Em vídeo encaminhado à reportagem, é possível ver que a vítima recebe massagem cardíaca enquanto policiais militares e rodoviários federais acompanham a situação ao redor. A esposa relatou que o atendimento dos socorristas demorou mais de uma hora para chegar devido ao congestionamento no trânsito até o local.
Confira o vídeo:
Polícia nega omissão de socorro
Conforme a Polícia Rodoviária Federal (PRF), não houve omissão de socorro por parte dos agentes. Em nota, a corporação informou que, quando a equipe chegou, a vítima já estava sendo atendida por pessoas que se identificaram como profissionais de saúde, que realizavam manobras de reanimação cardiopulmonar (RCP).
Ainda segundo a PRF, nesses casos, não é recomendado que policiais intervenham diretamente, para evitar a interrupção de um procedimento essencial. A corporação também afirmou que não seria adequado transportar a vítima em uma viatura, já que isso poderia interromper as manobras e agravar o quadro.
A PRF disse ainda que acionou os serviços de emergência para garantir a continuidade do atendimento especializado.
A Polícia Militar (PM) também se manifestou e informou que foi acionada após a vítima passar mal. Segundo a corporação, a equipe chegou ao local, verificou a situação e prestou apoio até a chegada do Corpo de Bombeiros, que constatou a morte.
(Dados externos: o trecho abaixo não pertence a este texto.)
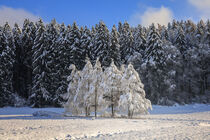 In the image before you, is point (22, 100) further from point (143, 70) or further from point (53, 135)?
point (53, 135)

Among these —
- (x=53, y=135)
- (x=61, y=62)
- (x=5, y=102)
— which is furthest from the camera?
(x=61, y=62)

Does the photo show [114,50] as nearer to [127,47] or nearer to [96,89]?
[127,47]

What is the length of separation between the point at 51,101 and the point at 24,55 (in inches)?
503

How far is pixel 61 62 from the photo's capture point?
3547cm

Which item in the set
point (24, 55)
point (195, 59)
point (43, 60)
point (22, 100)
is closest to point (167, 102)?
point (195, 59)

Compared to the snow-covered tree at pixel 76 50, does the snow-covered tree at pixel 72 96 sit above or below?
below

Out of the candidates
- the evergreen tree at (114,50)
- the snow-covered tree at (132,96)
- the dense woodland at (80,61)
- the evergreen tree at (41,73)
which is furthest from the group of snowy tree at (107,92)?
the evergreen tree at (114,50)

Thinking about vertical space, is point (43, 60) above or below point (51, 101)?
above

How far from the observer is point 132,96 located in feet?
68.9

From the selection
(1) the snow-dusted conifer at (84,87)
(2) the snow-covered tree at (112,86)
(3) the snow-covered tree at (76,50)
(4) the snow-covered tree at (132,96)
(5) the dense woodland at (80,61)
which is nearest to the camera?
(4) the snow-covered tree at (132,96)

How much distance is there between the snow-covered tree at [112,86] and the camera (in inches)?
888

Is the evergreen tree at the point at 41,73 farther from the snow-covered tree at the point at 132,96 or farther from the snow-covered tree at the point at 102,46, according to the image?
the snow-covered tree at the point at 132,96

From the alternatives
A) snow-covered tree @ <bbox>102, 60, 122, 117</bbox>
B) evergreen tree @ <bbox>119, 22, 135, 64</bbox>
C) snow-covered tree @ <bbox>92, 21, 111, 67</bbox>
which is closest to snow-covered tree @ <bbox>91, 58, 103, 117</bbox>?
snow-covered tree @ <bbox>102, 60, 122, 117</bbox>

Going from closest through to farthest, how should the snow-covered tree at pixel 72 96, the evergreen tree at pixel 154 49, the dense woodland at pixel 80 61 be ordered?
the snow-covered tree at pixel 72 96, the dense woodland at pixel 80 61, the evergreen tree at pixel 154 49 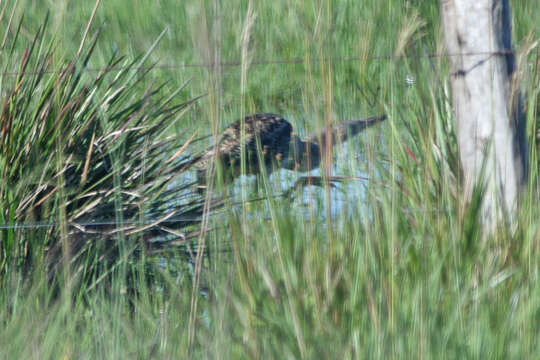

Fãs testemunharam reanimação de motorista
Uma das testemunhas, que preferiu não se identificar, afirmou que os policiais permaneceram próximos durante o atendimento, mas não realizaram manobras de reanimação. “Eles tentavam ajudar como podiam, mas ficaram mais ao redor”, disse. Ele também relatou que as pessoas que faziam o socorro eram estudantes de medicina.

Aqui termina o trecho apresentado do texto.